Nevin went to the championships hoping to finish top six with an outside shot at a medal. That’s when a teammate shook his head at a naive 17-year-old who didn’t realize what was really in front of her.

“You don’t get it,” he laughed. “You realize you can win this thing?’”

Few did.

“The first time she won the world championship, no one was noticing her. The announcer was essentially asking where did she come from during the race,” Mark Harrison said.

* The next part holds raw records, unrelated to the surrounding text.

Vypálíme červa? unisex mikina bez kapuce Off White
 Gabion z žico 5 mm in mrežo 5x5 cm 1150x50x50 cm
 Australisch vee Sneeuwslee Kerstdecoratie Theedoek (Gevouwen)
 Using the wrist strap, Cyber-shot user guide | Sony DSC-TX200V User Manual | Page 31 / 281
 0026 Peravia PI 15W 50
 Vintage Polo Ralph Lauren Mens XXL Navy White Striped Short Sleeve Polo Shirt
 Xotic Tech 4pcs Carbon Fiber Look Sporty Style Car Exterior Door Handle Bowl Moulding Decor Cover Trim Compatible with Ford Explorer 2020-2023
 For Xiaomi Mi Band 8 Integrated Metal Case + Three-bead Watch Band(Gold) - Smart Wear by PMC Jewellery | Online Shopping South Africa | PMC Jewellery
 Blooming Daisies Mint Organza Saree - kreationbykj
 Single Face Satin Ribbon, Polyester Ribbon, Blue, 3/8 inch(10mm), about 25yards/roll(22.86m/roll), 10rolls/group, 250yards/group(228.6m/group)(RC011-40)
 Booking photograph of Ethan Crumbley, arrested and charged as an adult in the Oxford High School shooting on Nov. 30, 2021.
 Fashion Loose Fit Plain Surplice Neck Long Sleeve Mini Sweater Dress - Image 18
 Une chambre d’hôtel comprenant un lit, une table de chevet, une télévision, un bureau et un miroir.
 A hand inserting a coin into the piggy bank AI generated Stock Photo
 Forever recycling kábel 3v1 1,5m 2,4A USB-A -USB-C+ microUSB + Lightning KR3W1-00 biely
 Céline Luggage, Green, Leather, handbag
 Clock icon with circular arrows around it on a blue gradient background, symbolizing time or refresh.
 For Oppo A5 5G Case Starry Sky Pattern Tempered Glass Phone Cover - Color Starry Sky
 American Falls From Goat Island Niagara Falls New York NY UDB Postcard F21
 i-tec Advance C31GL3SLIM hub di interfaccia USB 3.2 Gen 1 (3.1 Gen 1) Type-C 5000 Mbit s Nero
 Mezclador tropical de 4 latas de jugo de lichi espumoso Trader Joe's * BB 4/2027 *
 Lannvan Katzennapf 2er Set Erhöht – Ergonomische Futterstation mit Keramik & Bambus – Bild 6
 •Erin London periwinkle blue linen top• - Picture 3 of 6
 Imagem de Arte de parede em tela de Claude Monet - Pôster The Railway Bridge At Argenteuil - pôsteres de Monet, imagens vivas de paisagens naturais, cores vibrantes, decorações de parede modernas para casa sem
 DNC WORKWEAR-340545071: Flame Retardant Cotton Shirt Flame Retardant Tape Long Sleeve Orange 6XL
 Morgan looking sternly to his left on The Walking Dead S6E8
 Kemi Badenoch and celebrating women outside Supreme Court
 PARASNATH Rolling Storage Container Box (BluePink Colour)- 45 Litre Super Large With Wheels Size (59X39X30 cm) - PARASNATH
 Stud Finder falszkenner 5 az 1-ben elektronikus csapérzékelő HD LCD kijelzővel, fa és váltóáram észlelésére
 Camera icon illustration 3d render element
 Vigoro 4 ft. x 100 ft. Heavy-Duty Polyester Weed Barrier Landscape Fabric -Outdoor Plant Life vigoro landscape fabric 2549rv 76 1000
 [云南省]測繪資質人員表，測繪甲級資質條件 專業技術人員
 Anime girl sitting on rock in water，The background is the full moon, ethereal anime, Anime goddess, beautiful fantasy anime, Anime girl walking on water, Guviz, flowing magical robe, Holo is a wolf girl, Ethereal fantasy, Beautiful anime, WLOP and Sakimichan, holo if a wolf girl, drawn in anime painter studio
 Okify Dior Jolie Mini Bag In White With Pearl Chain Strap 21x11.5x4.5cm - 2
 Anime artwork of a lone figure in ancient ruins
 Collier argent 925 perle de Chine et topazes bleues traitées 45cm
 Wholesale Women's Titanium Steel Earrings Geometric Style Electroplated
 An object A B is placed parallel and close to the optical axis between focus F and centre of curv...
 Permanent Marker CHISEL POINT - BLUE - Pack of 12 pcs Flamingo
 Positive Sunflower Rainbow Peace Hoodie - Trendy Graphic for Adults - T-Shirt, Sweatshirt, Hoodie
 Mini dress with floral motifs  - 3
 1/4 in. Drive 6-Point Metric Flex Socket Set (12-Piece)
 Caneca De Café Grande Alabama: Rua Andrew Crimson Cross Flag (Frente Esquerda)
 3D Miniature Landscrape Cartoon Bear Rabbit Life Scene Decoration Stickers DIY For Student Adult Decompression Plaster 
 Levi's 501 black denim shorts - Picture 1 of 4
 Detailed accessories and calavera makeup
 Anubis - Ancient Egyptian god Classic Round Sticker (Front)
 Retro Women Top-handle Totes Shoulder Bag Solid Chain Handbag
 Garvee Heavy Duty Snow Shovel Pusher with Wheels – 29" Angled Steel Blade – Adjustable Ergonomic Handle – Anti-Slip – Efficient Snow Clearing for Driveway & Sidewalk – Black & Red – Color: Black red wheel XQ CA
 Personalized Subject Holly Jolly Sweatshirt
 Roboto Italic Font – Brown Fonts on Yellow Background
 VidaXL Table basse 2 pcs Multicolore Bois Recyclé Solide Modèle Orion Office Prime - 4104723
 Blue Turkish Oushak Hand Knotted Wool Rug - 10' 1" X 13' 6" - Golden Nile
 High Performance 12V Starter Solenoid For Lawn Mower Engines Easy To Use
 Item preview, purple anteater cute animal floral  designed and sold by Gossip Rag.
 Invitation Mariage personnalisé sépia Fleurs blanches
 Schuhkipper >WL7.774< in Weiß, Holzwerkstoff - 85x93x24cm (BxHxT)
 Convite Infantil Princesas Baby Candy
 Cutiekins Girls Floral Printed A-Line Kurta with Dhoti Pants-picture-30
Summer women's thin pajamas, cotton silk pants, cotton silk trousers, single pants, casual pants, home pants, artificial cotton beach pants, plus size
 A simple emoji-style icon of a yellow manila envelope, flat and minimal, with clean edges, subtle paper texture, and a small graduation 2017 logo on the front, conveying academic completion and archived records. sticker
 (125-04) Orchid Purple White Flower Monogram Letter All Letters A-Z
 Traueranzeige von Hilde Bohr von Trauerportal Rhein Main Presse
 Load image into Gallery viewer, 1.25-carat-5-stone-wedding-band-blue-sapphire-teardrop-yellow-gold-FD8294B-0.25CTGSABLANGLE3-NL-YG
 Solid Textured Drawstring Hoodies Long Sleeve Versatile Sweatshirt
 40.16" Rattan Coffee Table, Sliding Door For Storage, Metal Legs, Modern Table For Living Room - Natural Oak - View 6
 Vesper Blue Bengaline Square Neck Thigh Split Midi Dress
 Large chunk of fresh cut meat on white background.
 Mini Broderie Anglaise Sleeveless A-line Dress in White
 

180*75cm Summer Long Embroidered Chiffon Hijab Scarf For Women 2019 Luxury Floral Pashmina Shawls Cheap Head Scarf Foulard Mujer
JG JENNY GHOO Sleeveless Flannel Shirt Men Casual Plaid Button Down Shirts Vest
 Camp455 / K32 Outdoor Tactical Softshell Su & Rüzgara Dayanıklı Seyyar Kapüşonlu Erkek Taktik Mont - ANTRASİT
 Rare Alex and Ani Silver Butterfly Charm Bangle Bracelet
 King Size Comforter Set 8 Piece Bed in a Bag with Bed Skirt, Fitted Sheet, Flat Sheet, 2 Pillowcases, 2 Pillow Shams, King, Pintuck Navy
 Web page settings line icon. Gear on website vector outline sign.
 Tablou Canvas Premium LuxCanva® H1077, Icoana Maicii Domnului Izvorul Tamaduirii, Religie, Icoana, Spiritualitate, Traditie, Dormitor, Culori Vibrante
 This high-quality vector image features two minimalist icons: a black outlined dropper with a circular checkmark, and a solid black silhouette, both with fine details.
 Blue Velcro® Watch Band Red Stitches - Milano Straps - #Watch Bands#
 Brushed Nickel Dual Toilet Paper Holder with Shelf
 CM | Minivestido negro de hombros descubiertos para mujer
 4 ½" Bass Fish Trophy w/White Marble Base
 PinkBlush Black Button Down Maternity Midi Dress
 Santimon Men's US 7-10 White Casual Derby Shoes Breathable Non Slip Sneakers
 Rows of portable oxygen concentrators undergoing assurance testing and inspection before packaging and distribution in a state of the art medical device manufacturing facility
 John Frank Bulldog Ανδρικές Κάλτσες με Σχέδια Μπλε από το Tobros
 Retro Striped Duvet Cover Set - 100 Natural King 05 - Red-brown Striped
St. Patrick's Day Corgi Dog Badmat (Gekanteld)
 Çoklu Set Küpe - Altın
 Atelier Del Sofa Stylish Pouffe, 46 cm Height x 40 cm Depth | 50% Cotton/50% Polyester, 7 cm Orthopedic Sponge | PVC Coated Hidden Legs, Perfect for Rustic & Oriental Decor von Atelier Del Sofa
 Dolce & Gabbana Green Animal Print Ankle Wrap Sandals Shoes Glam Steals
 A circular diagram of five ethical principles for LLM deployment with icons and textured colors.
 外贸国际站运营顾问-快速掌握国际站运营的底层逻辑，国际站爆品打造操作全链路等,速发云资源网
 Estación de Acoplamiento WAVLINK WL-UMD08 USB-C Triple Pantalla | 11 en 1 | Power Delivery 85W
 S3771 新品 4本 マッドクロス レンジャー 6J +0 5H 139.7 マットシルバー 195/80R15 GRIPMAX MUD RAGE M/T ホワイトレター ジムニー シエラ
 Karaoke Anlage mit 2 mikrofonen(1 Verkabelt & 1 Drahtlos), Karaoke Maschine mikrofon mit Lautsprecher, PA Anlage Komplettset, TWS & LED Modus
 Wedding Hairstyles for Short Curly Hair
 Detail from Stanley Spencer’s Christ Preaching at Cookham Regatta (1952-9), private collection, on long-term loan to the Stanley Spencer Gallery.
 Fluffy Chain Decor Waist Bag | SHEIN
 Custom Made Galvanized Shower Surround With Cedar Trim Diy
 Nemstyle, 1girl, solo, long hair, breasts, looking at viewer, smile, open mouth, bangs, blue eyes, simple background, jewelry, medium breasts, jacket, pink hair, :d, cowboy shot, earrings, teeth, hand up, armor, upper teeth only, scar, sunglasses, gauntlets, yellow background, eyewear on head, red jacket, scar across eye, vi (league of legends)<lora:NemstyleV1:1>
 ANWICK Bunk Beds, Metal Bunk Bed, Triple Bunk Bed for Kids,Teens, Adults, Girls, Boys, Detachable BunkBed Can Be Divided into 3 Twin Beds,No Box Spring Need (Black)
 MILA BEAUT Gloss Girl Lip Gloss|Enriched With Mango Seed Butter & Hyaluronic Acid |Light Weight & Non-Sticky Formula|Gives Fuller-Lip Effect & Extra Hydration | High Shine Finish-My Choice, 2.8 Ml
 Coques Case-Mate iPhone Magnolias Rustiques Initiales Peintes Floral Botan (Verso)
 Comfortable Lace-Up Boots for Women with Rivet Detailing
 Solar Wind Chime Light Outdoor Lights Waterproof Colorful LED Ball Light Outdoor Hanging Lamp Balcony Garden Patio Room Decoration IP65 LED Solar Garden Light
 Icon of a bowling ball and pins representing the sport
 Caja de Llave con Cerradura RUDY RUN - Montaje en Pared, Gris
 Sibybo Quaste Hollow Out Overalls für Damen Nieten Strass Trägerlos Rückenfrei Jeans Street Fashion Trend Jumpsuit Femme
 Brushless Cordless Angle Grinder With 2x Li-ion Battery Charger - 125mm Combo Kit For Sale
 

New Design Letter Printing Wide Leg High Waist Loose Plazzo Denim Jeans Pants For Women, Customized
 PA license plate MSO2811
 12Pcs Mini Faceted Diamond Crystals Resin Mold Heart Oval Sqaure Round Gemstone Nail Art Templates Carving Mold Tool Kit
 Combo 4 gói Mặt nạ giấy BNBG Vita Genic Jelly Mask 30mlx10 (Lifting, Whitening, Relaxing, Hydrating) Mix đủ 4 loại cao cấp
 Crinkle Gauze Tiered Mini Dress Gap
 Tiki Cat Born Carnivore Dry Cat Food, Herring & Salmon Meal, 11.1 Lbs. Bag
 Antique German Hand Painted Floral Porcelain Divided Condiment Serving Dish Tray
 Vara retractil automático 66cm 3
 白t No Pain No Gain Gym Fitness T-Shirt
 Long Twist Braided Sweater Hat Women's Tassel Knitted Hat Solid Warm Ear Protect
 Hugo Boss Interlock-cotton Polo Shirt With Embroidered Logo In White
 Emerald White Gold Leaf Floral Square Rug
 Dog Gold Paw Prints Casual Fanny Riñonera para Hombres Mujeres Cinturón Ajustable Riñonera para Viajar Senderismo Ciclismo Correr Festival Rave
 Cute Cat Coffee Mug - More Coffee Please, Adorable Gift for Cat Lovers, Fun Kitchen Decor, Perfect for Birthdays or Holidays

Nevin bolted to an early lead and never let up. At the finish line, she looked at the results in disbelief and covered her mouth to stifle a gasp. The medal ceremony was briefly delayed because event officials couldn’t find an American flag. They’d never needed one before.

That was two years ago. The competition won’t overlook her at the Olympics, when everyone is chasing the same dream to win the first gold medal in the women’s canoe sprint 200. Harrison’s race and the women’s canoe 500 double will debut as Olympic events in Tokyo.

Women’s canoe sprint is still a young sport at the international level. It wasn’t a world championship event until 2010. And to balance gender equity among events in Tokyo, Olympic officials dropped the men’s canoe 200 and the men’s kayak double 200, moves that didn’t sit well with some male athletes who complained events were being sacrificed.

At the Rio Games in 2016, several male athletes mocked the idea of women in canoe sprint.

Harrison said she’s sympathetic to anyone who lost an Olympic spot, but is determined that the women have earned their shot in Tokyo.

“It’s exciting to be leading that charge showing we are equal and we can do the same things,” she said. “Once an event becomes an Olympic sport, the depth and the athlete pool become so much bigger because it becomes something people want to invest their time in.

“Everyone wants to be an Olympian,” Harrison said. “I think it’s more important to have every group represented rather than having a lot in just one gender or discipline.”